Pan-fried Brussels sprouts with cheddar


For those of you in the US and living near a Trader Joe’s, you’re probably familiar with the cycle of “seasonal” goodies they rotate through, which seems to reach a peak around the Christmas season. Ever since I discovered that they are one of M.’s favorite vegetables, I’ve always kept a sharp eye out for the appearance of the TJ’s Brussels sprout stalk:


This year, the stalks first popped up in our local TJ’s in October, but the sprouts looked puny and the stalks were sparsely populated. You pay by the stalk and the price is constant throughout the season, so you want to make sure you wait until the stalks are sporting a decent volume of sproutage. This past weekend, I finally sprang for one.

Before I cooked the sprouts, I also decided to do a little weighing of my sprouts, because I wanted to see how the price per pound for the sprouts compares to some of our other commonly consumed vegetables. Results? My $2.99 stalk of sprouts yielded just over 2 lbs of sprouts, so we paid a little under $1.50/lb.

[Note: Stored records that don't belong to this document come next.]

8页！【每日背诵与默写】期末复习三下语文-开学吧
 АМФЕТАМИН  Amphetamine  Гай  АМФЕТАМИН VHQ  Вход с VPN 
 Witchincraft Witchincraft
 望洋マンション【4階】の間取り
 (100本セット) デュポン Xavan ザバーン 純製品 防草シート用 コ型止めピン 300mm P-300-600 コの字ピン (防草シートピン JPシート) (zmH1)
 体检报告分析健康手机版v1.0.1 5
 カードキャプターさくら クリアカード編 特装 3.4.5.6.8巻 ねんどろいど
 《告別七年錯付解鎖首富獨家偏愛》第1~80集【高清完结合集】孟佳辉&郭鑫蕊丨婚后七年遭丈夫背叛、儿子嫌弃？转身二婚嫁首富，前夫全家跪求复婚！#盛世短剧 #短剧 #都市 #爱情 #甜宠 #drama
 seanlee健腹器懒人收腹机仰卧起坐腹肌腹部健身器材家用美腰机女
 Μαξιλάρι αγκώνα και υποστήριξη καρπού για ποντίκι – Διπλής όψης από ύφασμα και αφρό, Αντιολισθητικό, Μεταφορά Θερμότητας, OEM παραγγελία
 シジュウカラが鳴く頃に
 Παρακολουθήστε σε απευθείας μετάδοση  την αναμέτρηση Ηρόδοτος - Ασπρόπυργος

I have a rule of thumb of liking to keep our average produce expenditures under $1/lb, so these are a little pricey, but they aren’t terrible. Kale is definitely worse (we pay by the bunch, but I’ve estimated our cost per pound is about $3. You see why it always gets mixed with that ultra-cheap cabbage, and we chose to try growing kale on the patio this fall!). Anyway. Enough of that little side-track into our kitchen economics. After I’d finished scrutinizing the Brussels sprouts, it was time to get cooking with them.


My two favorite methods for Brussels sprouts preparation are roasting or, as in today’s recipe, pan-frying. A few nicely browned exterior leaves, a slightly sweet and still firm interior. I find that halving the sprouts is the trick to getting the right balance between interior/exterior cooking. While you can get good results from whole sprouts, I just haven’t had the same success rate. Halving seems to elevate this cooking method to foolproof, so it’s well worth the small investment of extra time. And while a pan of sprouts on their own, with lashings of salt and pepper, is a perfectly satisfactory dish to place on your dinner table, the addition of a bit of extra sharp cheddar, melting and turning crisp against the bottom of the pan? It’s a pretty nice direction to take things in occasionally also.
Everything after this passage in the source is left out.